他不该将柳尘兮带回潜宗,他带着柳尘兮流亡于凡间仙界,死在繁光门或是潜宗的追杀下,或是让他留在在仙馆,不曾触及过温情的幻梦……都比如今的结局好。
冲他挥刀的是什麽人,他已经看不清了,他悍然把剑对抗的是自己的愧疚养大的心魔,又仿佛是那个不知名的巨大空间里直面那柄不祥的大剑,他幻想着自己一剑斩断燃烧的符咒,回应柳尘兮声嘶力竭地呼救。
火光在剑下落幕,乌衣被灵台深处埋藏的灵力击倒,沈问涓高高举起手中的剑,他早就看不清眼前人,想要一剑击穿的是出卖柳尘兮茍活的自己,也是踏着尸骨道貌岸然的仙君。
薛七的钢爪穿透他的胸膛时,他并没有觉得疼,在追悔莫及的幻境里,他拉起了跪在虚无里的柳尘兮,就像他们出逃的那天晚上。柳尘兮擡头看他时,好看的桃花眼里清晰地倒映着烛火,这一次沈问涓没有再装聋作哑地欺骗逃避。
他正视了柳尘兮眼里的火光,从此烽火燎原。
他不知道自己已经发不出声音了,在幻境里他还在对柳尘兮说:“师父带你走。”
离开这里,去一个凡民无罪,灵根也无罪的地方,没有觊觎和居高临下的掠夺,也没有高低贵贱决定的牺牲。
在薛七愣神丶谢胤咳出血沫时,沈问涓倒在了并未燃起烽火的草场上。
一夜不眠,对定心修为的乌衣来说不算什麽,但薛七却觉得自己仿佛是个身体不怎麽强健的凡人,吹了一阵子山风,他觉得头有点疼。

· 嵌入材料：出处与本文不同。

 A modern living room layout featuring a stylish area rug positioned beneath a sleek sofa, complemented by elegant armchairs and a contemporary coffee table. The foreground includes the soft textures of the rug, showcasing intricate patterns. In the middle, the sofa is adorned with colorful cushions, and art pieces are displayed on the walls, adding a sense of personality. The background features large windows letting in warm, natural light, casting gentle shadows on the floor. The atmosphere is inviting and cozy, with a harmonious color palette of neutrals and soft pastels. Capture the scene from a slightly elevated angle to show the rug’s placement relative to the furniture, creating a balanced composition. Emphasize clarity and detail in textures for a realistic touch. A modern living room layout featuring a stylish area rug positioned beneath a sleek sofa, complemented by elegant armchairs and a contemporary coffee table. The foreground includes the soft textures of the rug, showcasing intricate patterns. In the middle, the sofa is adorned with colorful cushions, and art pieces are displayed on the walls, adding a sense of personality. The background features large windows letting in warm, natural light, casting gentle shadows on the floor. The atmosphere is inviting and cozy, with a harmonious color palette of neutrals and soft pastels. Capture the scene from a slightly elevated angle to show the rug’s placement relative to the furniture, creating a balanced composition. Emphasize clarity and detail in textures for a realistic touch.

潜宗君子器的真相终于呼之欲出了,唯一有处不太清明的,他在回弟子舍的路上问起卫峥月:“柳尘兮脊柱里面的那把剑是怎麽回事?”
“那就是阵眼。”卫峥月走在他前面,“潜宗正史里面哪里好意思说呢,正派仙君压制鬼门大阵的关键阵眼是一把邪得不能再邪的邪物。也正是因为这样,离魂剑虽然压住了阵眼,但自身的凶性又造成新的不稳定,当时修玉君投身其中散尽修为,不是做了阵眼,而是给那凶器做了剑鞘。”
所以君子器的故事并不假,只是潜宗的先圣也没办法坦然承认自己还借力于邪祟,所以故事修修补补,霜君由那故事推测凡人替代不了修玉君,才让沈问涓抱着一丝侥幸,把柳尘兮送进了潜宗。
可见仙门正事,都不知道为了粉饰太平增添了多少矫饰,虚虚实实早看不清了。
最终柳尘兮还是成了这一代的“器”,在他之前那些“器”一般进去不久就变得疯癫,过不了多久就被凶煞的阵眼熬得油尽灯枯神魂皆丧
正因如此潜宗每隔十几年就要派出沈问涓之流四处搜集一批“器”,凡人寿数有限,但离魂耗费祭品的速度更快。在上一批器抵达潜宗时,沈问涓刚刚被沈家本家选中,送来潜宗供衔真长老差遣。十几年间沈问涓为主子鞠躬尽瘁,终于获得了信任,这一次主子选择派出他去执行这个任务,却没想到之後沈问涓出了这样大的岔子,更没想到他带回来的那个“器”会有如此效用,不知道是因为那副仙馆里待了六年也没被折腾死的根骨,还是那点难得却微薄的化气修为,他居然在阵眼里待了上百年,让他们百馀年高枕无忧,再不用偷偷摸摸地劳神找“器”。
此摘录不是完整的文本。